Unlike Palmerston, who was distrustful of French ambitions, Aberdeen desired friendly relations with France. Queen Victoria and Prince Albert were twice guests of Louis-Philippe at his court at Eu. There the royal pair were introduced to the French court painter Franz Winterhalter, who would execute a series of charming portraits memorializing them and their large family. Louis-Philippe returned the compliment and visited them at Windsor. Friendly relations developed into an
entente
, a diplomatic understanding between two powers. Lord Aberdeen’s mild manner resolved by diplomacy boundary problems for Canada created by the movement west of the growing population of the United States. At issue were the north-west coast where Vancouver is situated on the Pacific and the boundary between Canada and Maine.

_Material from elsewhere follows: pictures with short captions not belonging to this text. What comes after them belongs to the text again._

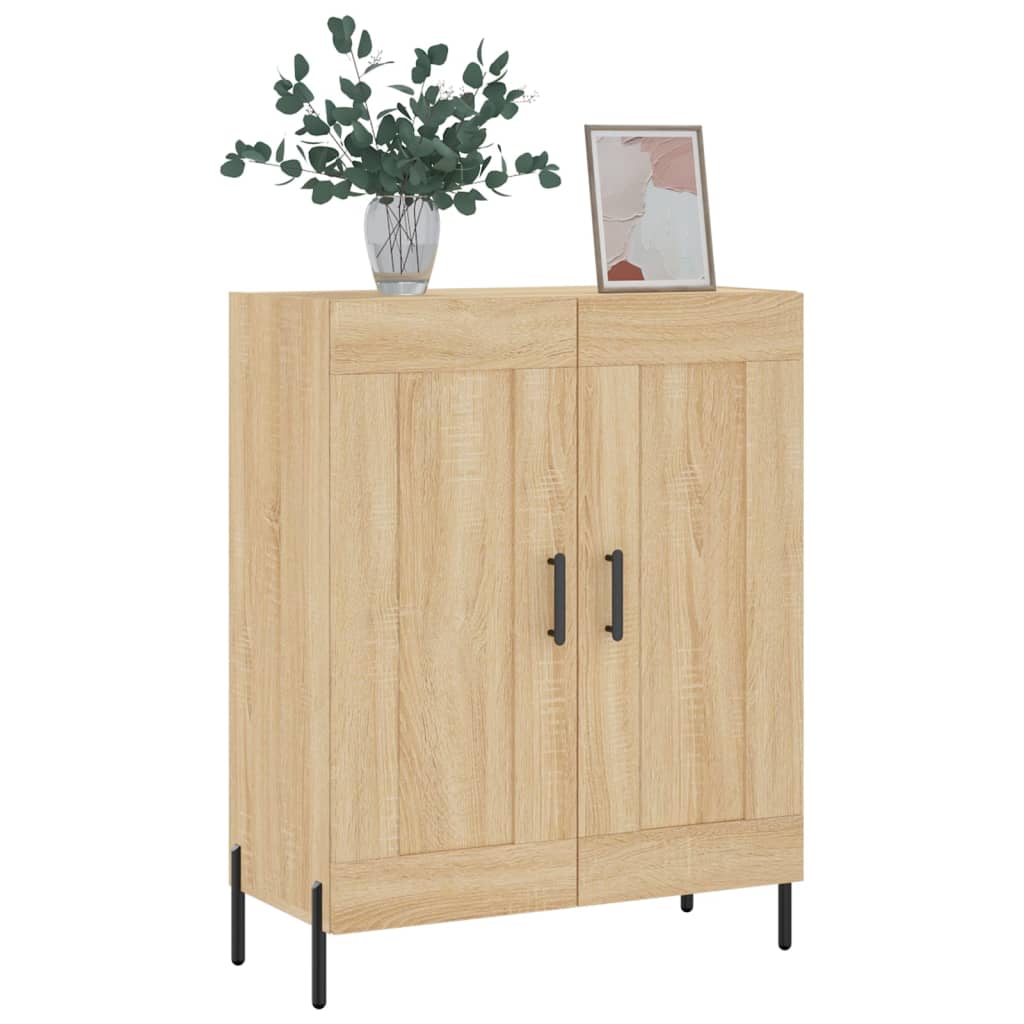 Dressoir 69,5x34x90 cm bewerkt hout sonoma eikenkleurig is nu te koop bij PeponiXL, paradijselijk wonen!
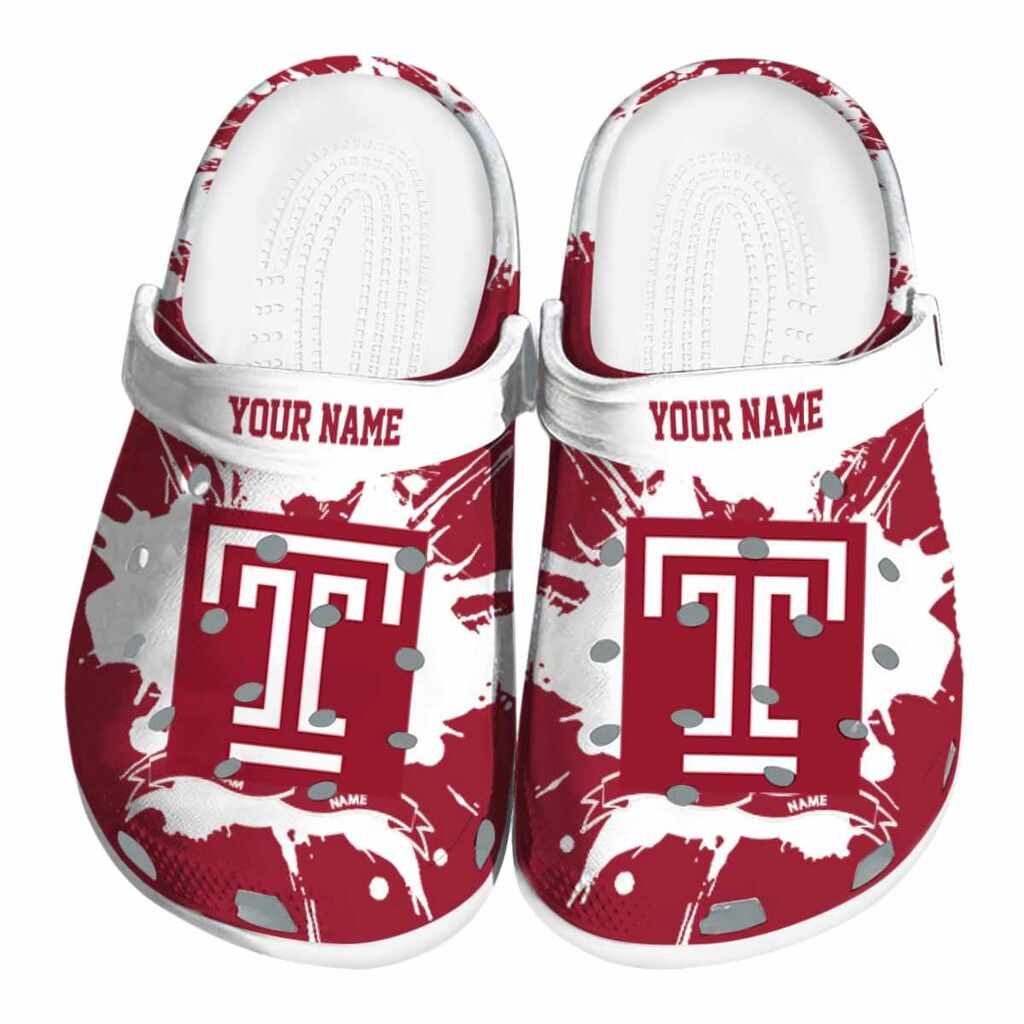Custom Temple Owls Splatter Pattern ClogTVC1801726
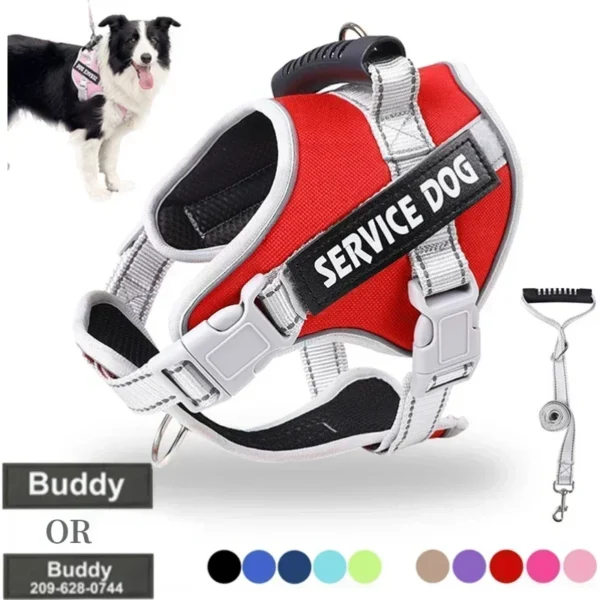Sca0e0fc3485b4c5fbae8f4066a5a8218N.webp PowerPup™ Adjustable Dog Harness & Leash Set
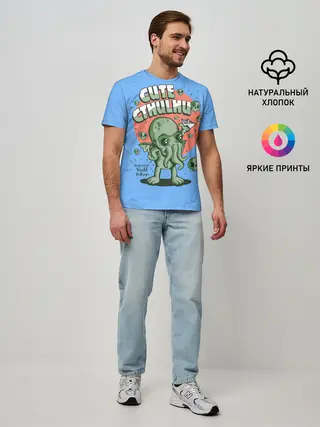 Мужская базовая футболка / Ктулху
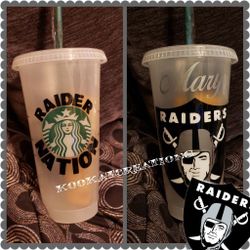 Raiders Starbucks Venti cup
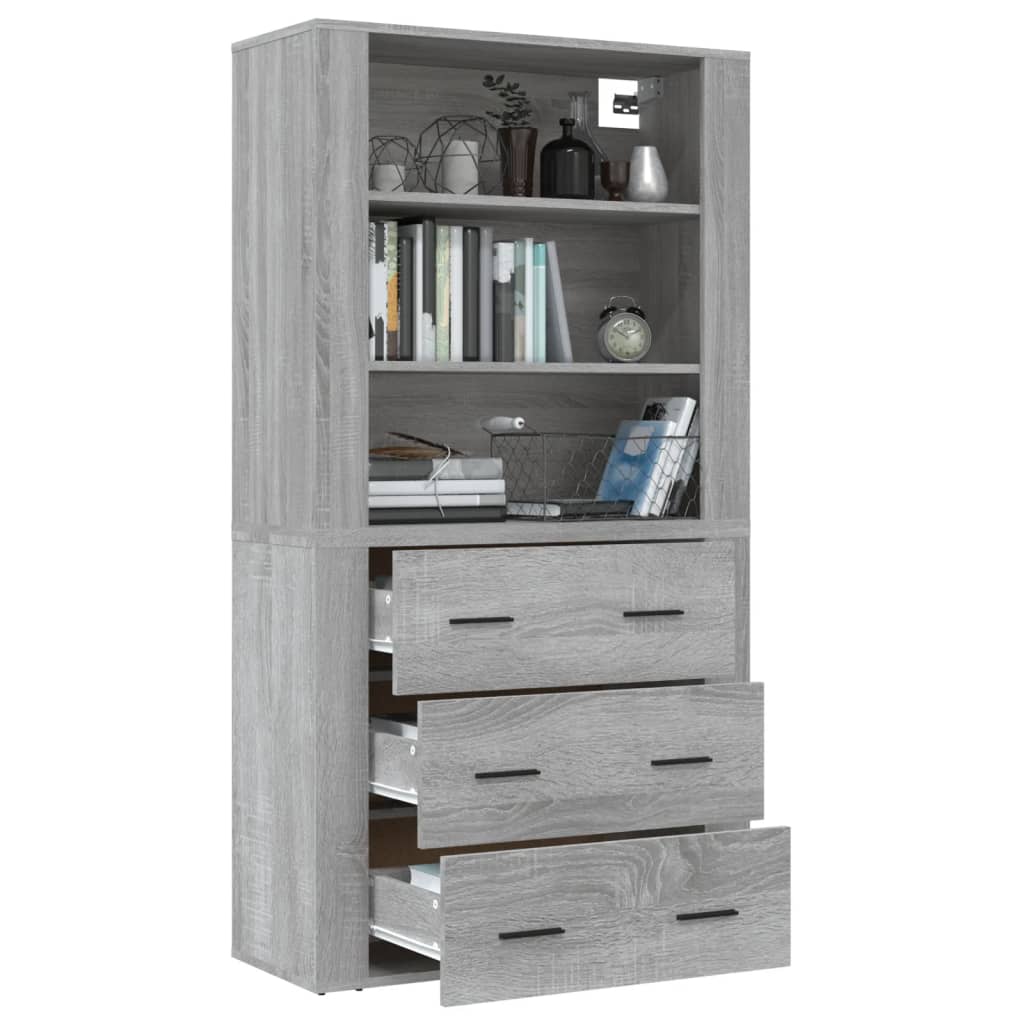 Credenza Grigio Sonoma in Legno Multistrato 3185397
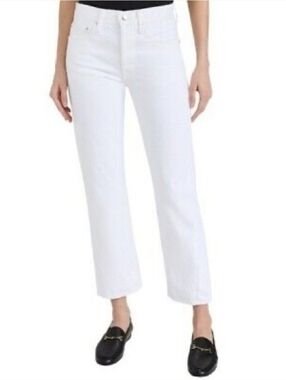 Edwin kali ankle vintage straight white jean, 26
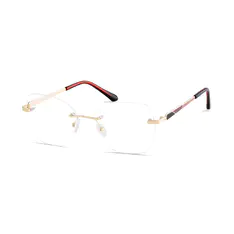 Square Gold Eyeglasses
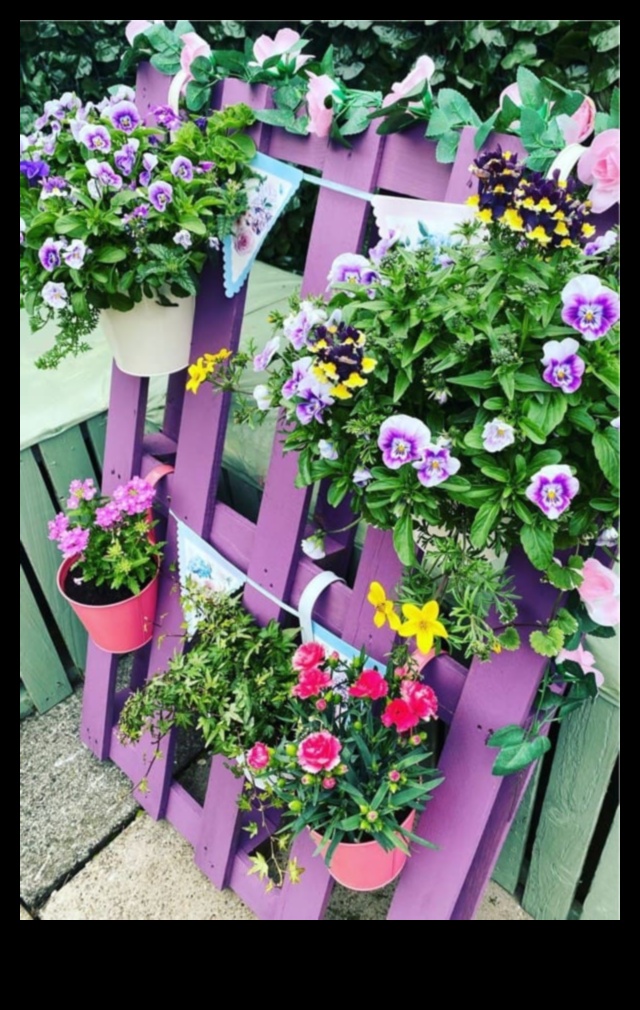 لوحة الطبيعة: إلهام DIY لحديقة ملونة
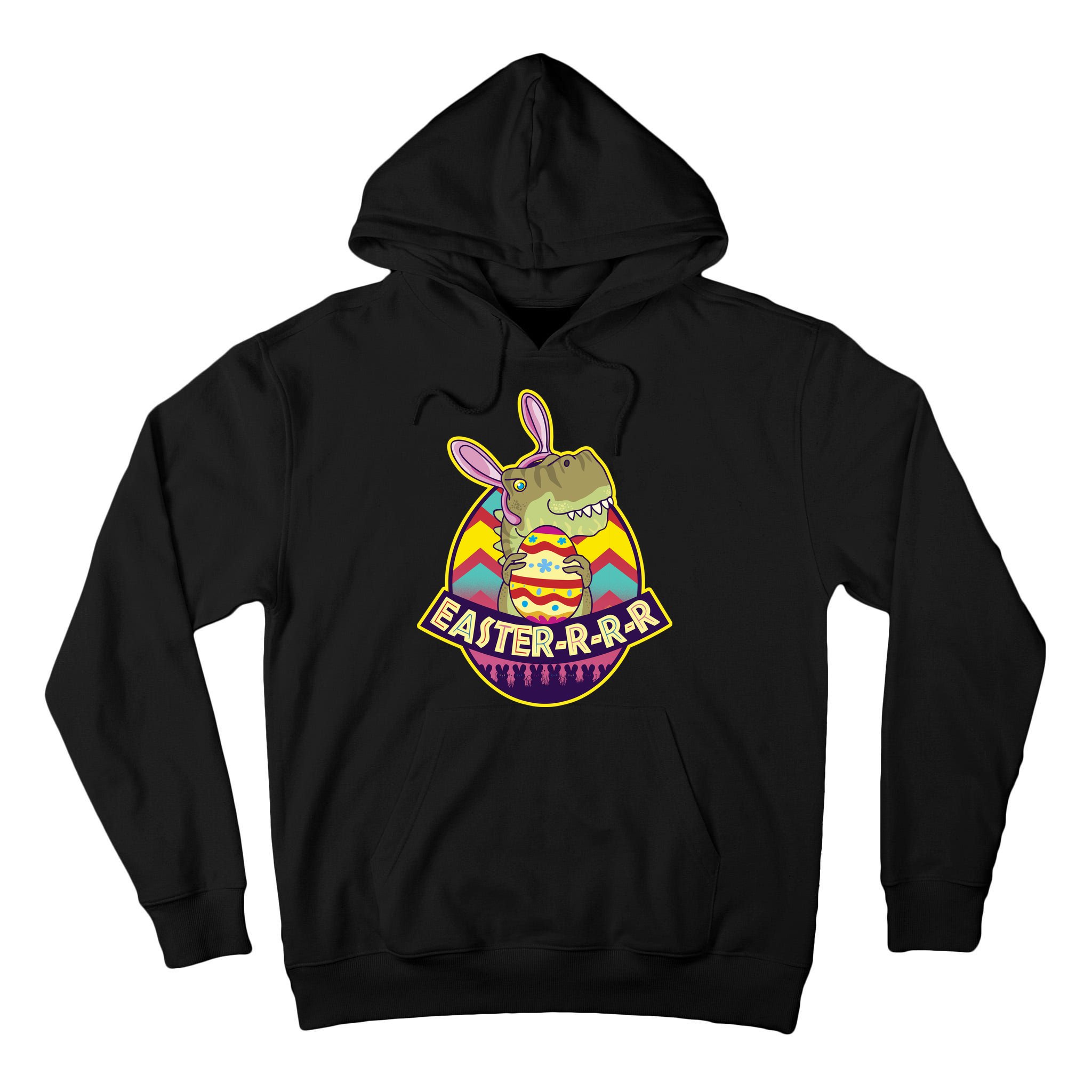Funny EasterRRR TRex Dinosaur Tall Hoodie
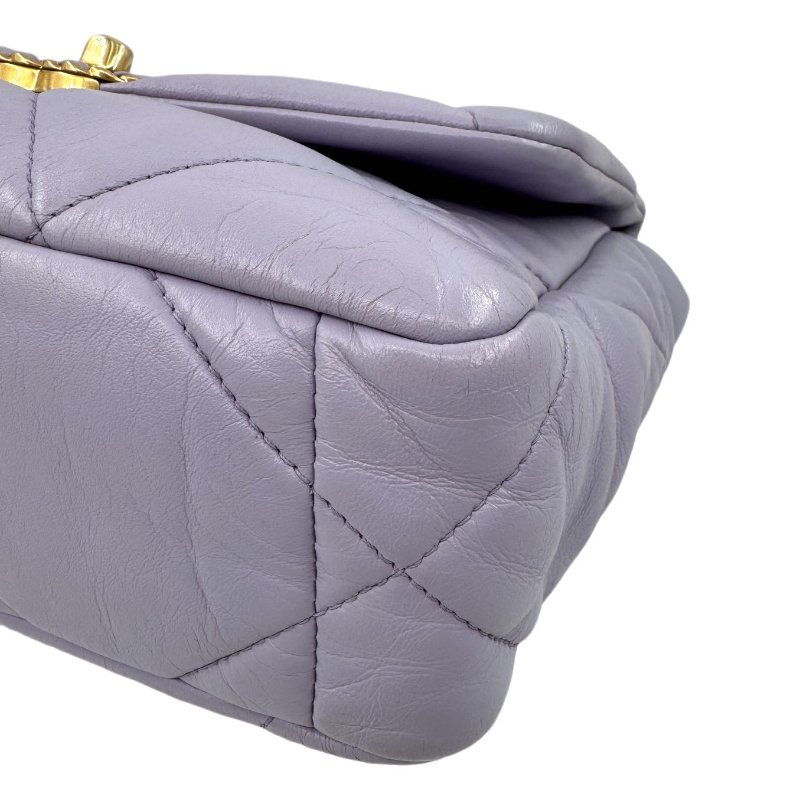 【2644】香奈兒 Chanel 19BAG 淺紫斜挎包 羊皮 小號-9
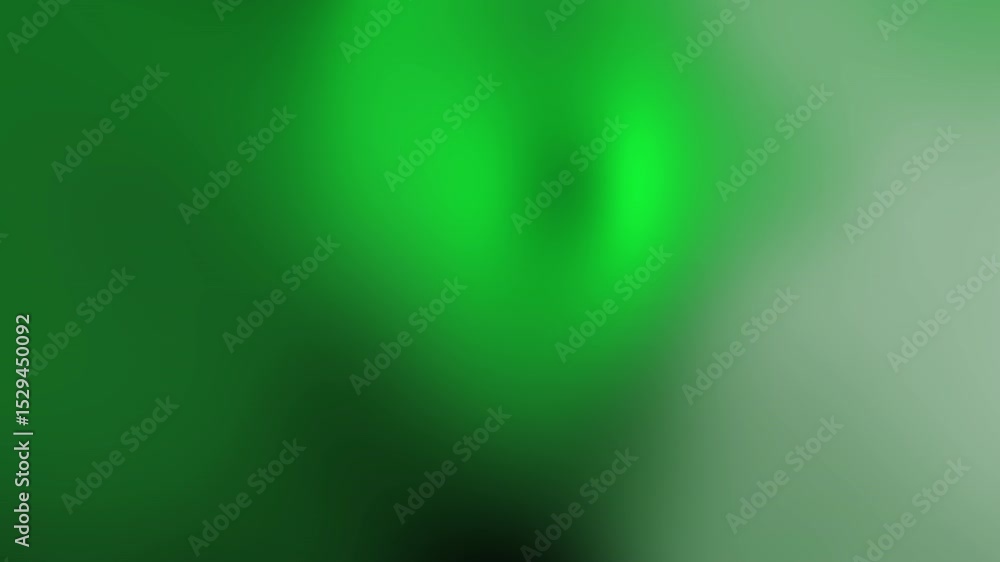 Poster a smooth, green gradient background with varying shades and a light area on the right side, abstract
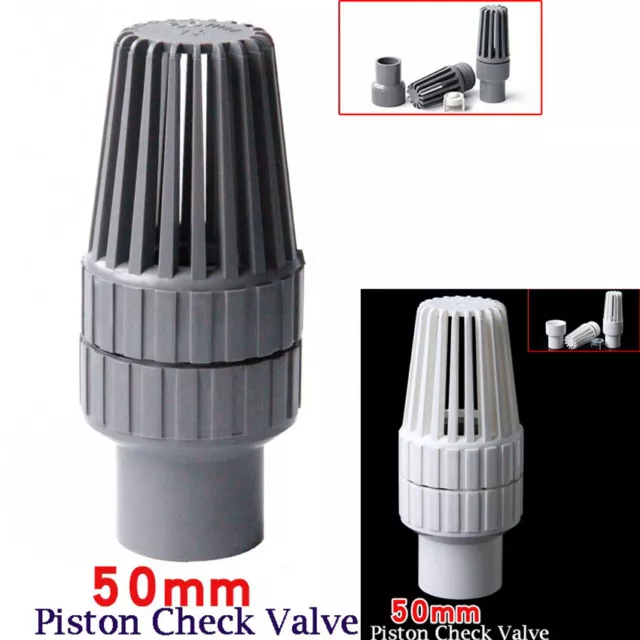 Check Valve PVC Bottom Valve One - way Check Valve Suction Pump Water Inlet Pipe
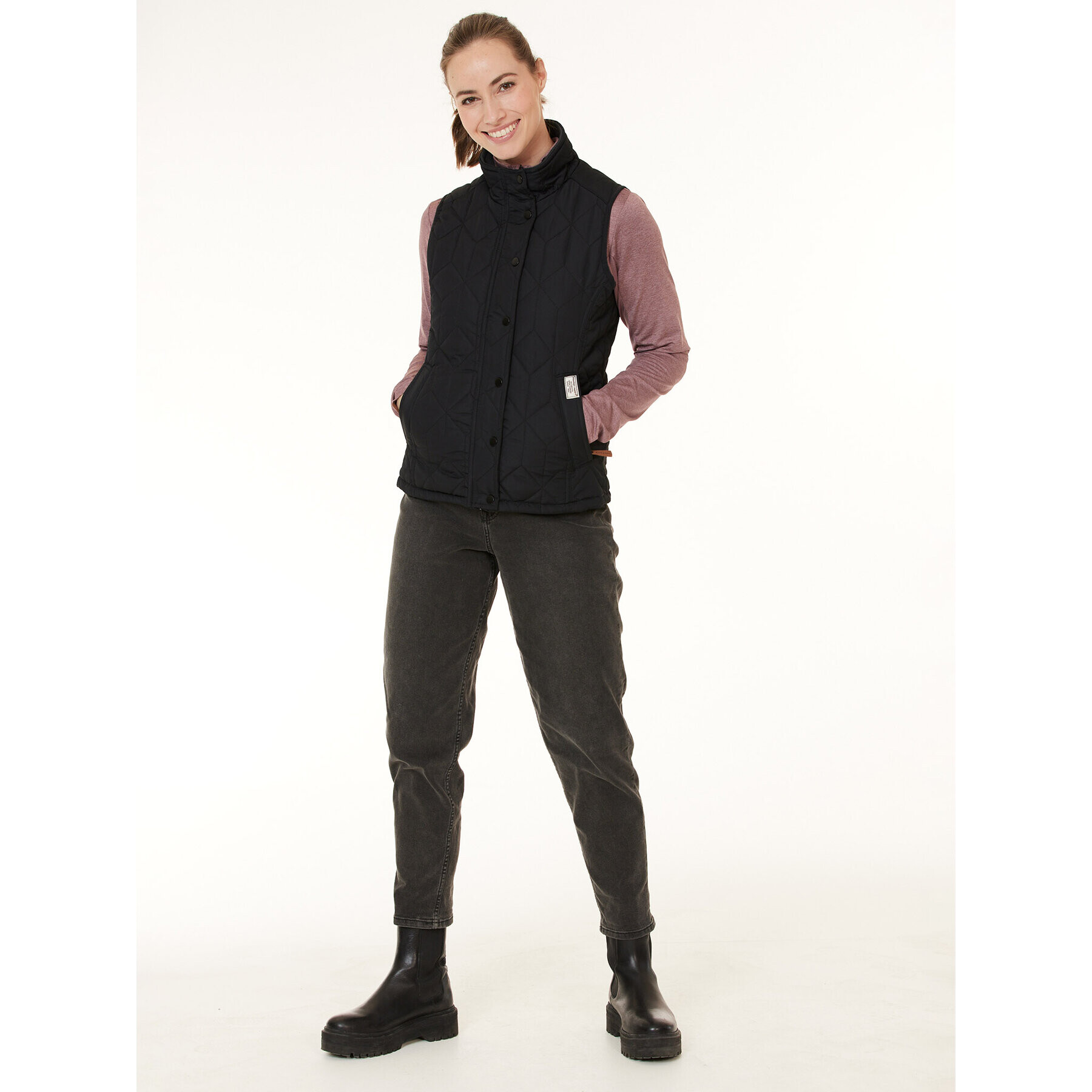 Weather Report Vestă Peggy WR213545 Negru Regular Fit - Pled.ro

President Polk had just been elected in America on the ticket of ‘fifty-four fifty or fight’, a policy to extend the state of Oregon to the line of latitude of 54.50 degrees, right up to the boundary of the Russian territory of Alaska. Peel and Aberdeen were determined that the American border should begin lower down at the 49th parallel, otherwise Canada would have no outlet on to the Pacific. Polk did not fight, and the 49th parallel was established as the boundary between America and Canada, except for a small dip south to include Vancouver Island. A treaty negotiated by Castlereagh which had abolished navies and military establishments on the Great Lakes remained in place, symbolizing trustful relations between the two powers.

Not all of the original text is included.